Directions >> Nothing but the line containing "Conjunto de Capas" and the lines after it in the entries below should appear, each repeated exactly.
****************************************
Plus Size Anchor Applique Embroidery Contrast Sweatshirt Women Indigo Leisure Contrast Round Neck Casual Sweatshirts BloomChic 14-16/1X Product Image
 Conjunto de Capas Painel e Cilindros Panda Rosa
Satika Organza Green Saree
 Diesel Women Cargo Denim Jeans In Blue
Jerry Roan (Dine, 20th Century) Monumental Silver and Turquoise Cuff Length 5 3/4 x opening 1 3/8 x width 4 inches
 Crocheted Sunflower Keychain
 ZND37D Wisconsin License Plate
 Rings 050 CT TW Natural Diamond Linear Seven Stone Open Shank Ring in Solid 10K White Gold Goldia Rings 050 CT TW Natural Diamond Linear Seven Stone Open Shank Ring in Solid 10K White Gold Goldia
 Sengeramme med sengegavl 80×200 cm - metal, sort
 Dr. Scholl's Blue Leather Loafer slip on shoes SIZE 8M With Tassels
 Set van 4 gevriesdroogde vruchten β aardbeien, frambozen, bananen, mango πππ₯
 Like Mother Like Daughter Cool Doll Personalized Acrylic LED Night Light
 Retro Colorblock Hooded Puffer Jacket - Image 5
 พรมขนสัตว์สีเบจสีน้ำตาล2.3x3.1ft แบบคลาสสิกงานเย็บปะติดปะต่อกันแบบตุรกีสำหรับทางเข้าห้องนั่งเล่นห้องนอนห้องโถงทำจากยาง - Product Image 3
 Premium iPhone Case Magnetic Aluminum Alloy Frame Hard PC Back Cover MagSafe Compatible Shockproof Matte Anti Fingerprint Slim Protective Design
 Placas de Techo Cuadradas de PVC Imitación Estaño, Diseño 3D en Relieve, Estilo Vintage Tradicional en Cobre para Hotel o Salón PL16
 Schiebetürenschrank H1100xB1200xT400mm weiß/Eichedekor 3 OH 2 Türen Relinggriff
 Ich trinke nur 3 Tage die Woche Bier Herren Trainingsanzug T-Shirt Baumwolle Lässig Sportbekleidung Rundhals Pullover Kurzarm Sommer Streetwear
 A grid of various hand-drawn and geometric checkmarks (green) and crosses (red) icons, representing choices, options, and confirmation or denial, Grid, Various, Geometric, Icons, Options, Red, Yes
****************************************
Answer section >>
 Conjunto de Capas Painel e Cilindros Panda Rosa
Satika Organza Green Saree
 Diesel Women Cargo Denim Jeans In Blue
Jerry Roan (Dine, 20th Century) Monumental Silver and Turquoise Cuff Length 5 3/4 x opening 1 3/8 x width 4 inches
 Crocheted Sunflower Keychain
 ZND37D Wisconsin License Plate
 Rings 050 CT TW Natural Diamond Linear Seven Stone Open Shank Ring in Solid 10K White Gold Goldia Rings 050 CT TW Natural Diamond Linear Seven Stone Open Shank Ring in Solid 10K White Gold Goldia
 Sengeramme med sengegavl 80×200 cm - metal, sort
 Dr. Scholl's Blue Leather Loafer slip on shoes SIZE 8M With Tassels
 Set van 4 gevriesdroogde vruchten β aardbeien, frambozen, bananen, mango πππ₯
 Like Mother Like Daughter Cool Doll Personalized Acrylic LED Night Light
 Retro Colorblock Hooded Puffer Jacket - Image 5
 พรมขนสัตว์สีเบจสีน้ำตาล2.3x3.1ft แบบคลาสสิกงานเย็บปะติดปะต่อกันแบบตุรกีสำหรับทางเข้าห้องนั่งเล่นห้องนอนห้องโถงทำจากยาง - Product Image 3
 Premium iPhone Case Magnetic Aluminum Alloy Frame Hard PC Back Cover MagSafe Compatible Shockproof Matte Anti Fingerprint Slim Protective Design
 Placas de Techo Cuadradas de PVC Imitación Estaño, Diseño 3D en Relieve, Estilo Vintage Tradicional en Cobre para Hotel o Salón PL16
 Schiebetürenschrank H1100xB1200xT400mm weiß/Eichedekor 3 OH 2 Türen Relinggriff
 Ich trinke nur 3 Tage die Woche Bier Herren Trainingsanzug T-Shirt Baumwolle Lässig Sportbekleidung Rundhals Pullover Kurzarm Sommer Streetwear
 A grid of various hand-drawn and geometric checkmarks (green) and crosses (red) icons, representing choices, options, and confirmation or denial, Grid, Various, Geometric, Icons, Options, Red, Yes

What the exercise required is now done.